Dimanche neuf avril mil huit cent quarante-trois : J’ai dîné hier à la place Royale. La seconde fille de Hugo est la plus grande beauté que j’aurai vue de ma vie. Elle n’a que 14 ans, mais elle sera ! Enfin vous la verrez. C’est quelque chose de faire ses enfants beaux. Il faut pour cela de la richesse dans le sang, la pureté, etc. J’ai été médiocrement content de ce dîner. (Adèle)
Dimanche dix-huit juin mil huit cent quarante-trois : Je viens de lire Consuelo !... Après Le Compagnon du Tour de France, avoir fait cela, c’est une telle chute qu’il n’y a plus rien à attendre de George Sand, Consuelo est le produit de tout ce qu’il y a de plus vide, de plus invraisemblable, de plus enfant
Mardi cinq décembre mil huit cent quarante-trois : Ma sœur a dit en voyant les 15 ou 16 bustes de grands hommes faits par David : - Allons ! je vois qu’Honoré n’est pas le plus mal. Et en effet, vous serez stupéfaite en voyant la tête olympienne que David a su tirer de ma grosse face de bouledogue.

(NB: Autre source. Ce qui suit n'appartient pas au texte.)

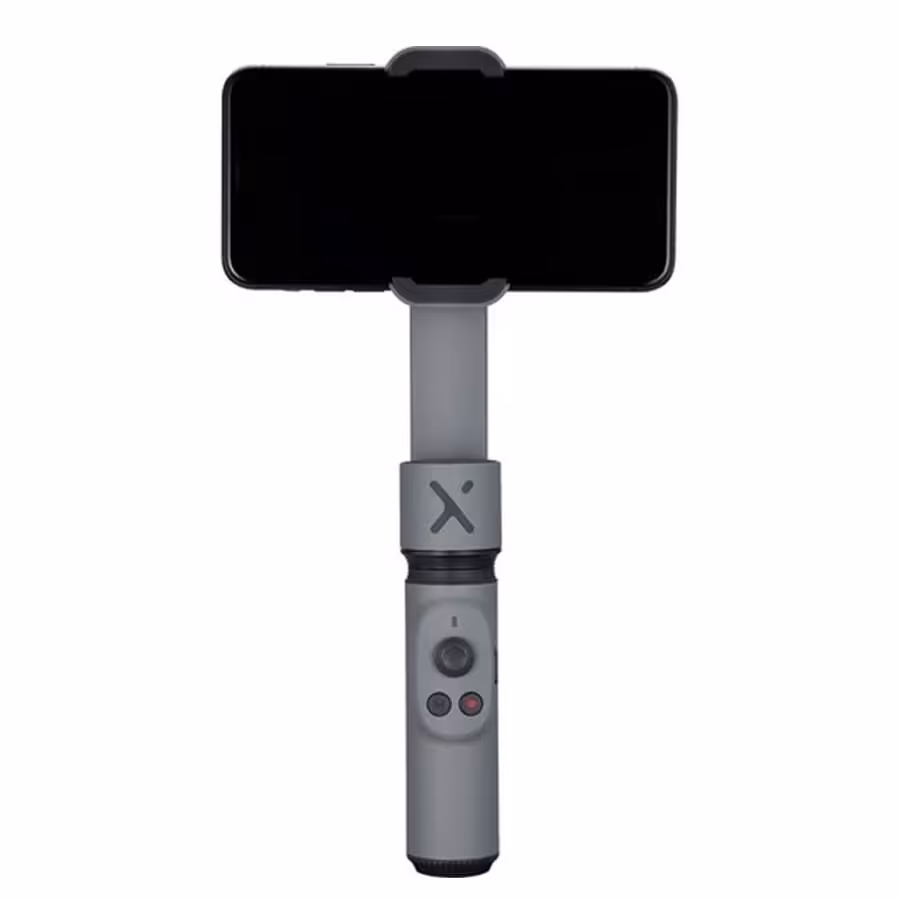 گیمبال موبایل ژیون تک مدل SMOOTH-X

Dimanche vingt-trois mil huit cent quarante-quatre : Il n’est rien advenu du dîner de Rothschild, car nous y étions 25. Mais j’y ai trouvé Liszt. Non, chère, vous ne vous figurez pas ce qu’est un drôle de cette espèce ! Il a la fatuité d’un comédien, et la haine d’un accusateur public. Il n’a que des doigts.
Lundi premier juillet mil huit cent quarante-quatre : Je dîne aujourd’hui chez Mme de Castries, qui part pour Dieppe, et notre inimitié demande tous les égards possibles.